I do not want to be freed from the 'inhumanity' of man.

My point is more with the inhumanity of past events, of humans actions that have passed into inhumanity by falling (inexorably) into the unalterability of the past. I want to call the past inhuman to stress the monstrous quality of human actions that have passed out of human control while continuing to pressure and compel us in the present.

And, yes, absolutely, I agree with you: we should determine what really happened insofar as such a thing can be determined (i.e., against whatever practical or theoretical difficulties we encounter in this effort). We should do this in part to discover the moments when humans in their present moment split with the 'actual' event, those moments when they attempted to colonize (bad verb?) or claim (better?) or resist (cliche?) the past with their agency.

Dr. Virago said...

OK, people are having a serious conversation here, but what I really want to know is how it is that my real life self squarely matches up with my blogging self. Because it's all about me! Te-hee!

Seriously, I'm sorry I had to miss the theory and queer/feminism panels, but other duties and obligations called. I'm in way too many circles of friends, colleagues, and fields, dammit.

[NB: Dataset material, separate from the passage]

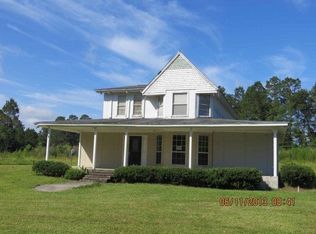 35 Boggy Branch Rd, Hazlehurst, GA 31539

Glad you had a good K'zoo, JJC! It was lovely meeting you and seeing Karl and Eileen again (though Eileen, I didn't see nearly enough of you this year -- next year I'll make a point to have at least one sustained conversation with you!).

Karl Steel said...

Although I should make it clear that I'm not doing some kind of 'yay! subversion!' reading, since that break with the mechanistic response to events can just as well result in--to fall into the medieval version of Godwin's law--the ritual murder charge.

Also very good time hanging out with you DV (and hearing RB's stories of cursing children). As for this, your real life self squarely matches up with my blogging self, well, your real life self is not as constrained to be discrete. It is, therefore, full of hilarious and wicked (and at times distressing) stories. Well, so is your online persona, but the real one can name names.

Dr. Virago said...

your real life self is not as constrained to be discrete. It is, therefore, full of hilarious and wicked (and at times distressing) stories. Well, so is your online persona, but the real one can name names.

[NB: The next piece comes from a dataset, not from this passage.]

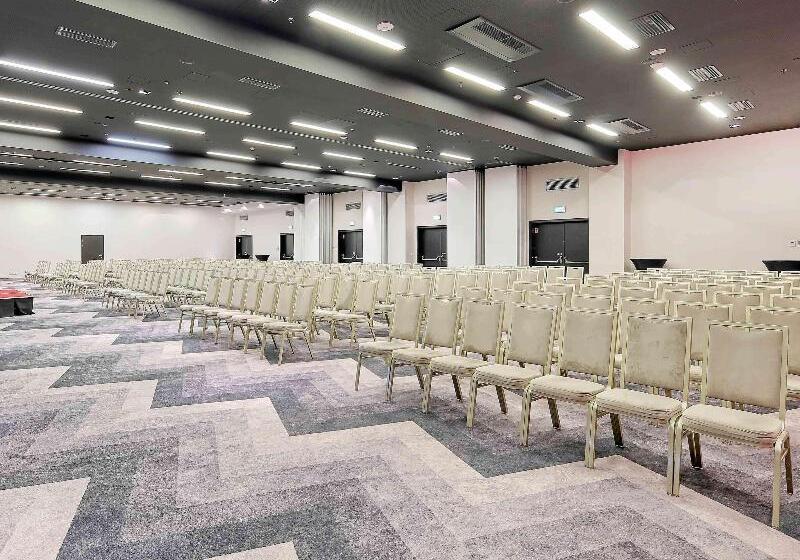 Отель Ibis Styles Wroclaw Centrum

Oh damn, I guess MF is right -- I *am* a big old gossip. Well, I only gossip about stuff that actually happened to me, at least. I try not to spread hearsay.

Karl Steel said...

I try not to spread hearsay.

I can vouch for that. So I didn't think you gossipy at all, unless we can gossip about ourselves. Anyone have a treatise of virtues and vices handy?

N50 said...

And just to close the deal before splitting - yay - Karl - I absolutely agree with you on that too.

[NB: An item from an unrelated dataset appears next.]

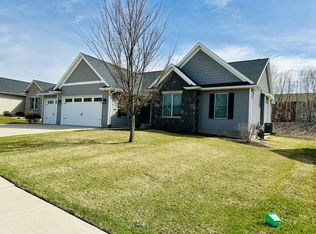 4937 Lakeside Dr, Bettendorf, IA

Farewell - sorry you won't be at Leeds any of you. But then of course Leeds doesn't dance!

Nicola Masciandaro said...

Thank you Jeffrey for the nomination, which I will treasure eternally:

"And so among the parts of an animated body, some are directed to the accomplishment of the souls' operations, for instance the heart, liver, hand, foot; while others are directed to the safe-keeping of the other parts as leaves to cover fruit; and thus hair and nails are in man for the protection of other parts. Consequently, although they do not belong to the primary perfection of the human body, they belong to the secondary perfection: and since man will rise again with all the perfections of his nature, it follows that hair and nails will rise again in him" (Aquinas, Summa).

Anonymous said...


Thanks so much for the kind words and vote of confidence. Having lunch together was a real high point for me, at this or any other K'zoo. It's been a pleasure getting to know a man whose care for others and the profession is matched only by the quality of his work.

And as I've been perusing the Middle Ground blog and the others in the Babel clatch, you all have (just about) convinced me that this newfangled blogging thingy might be worth looking into.

My problem? Sometimes it's hard to stop typing...

Best from Anchorage,


Jeffrey Cohen said...

THanks, Dan -- much appreciated. I really enjoyed our lunch, and look forward to hearing more about your new project as it develops.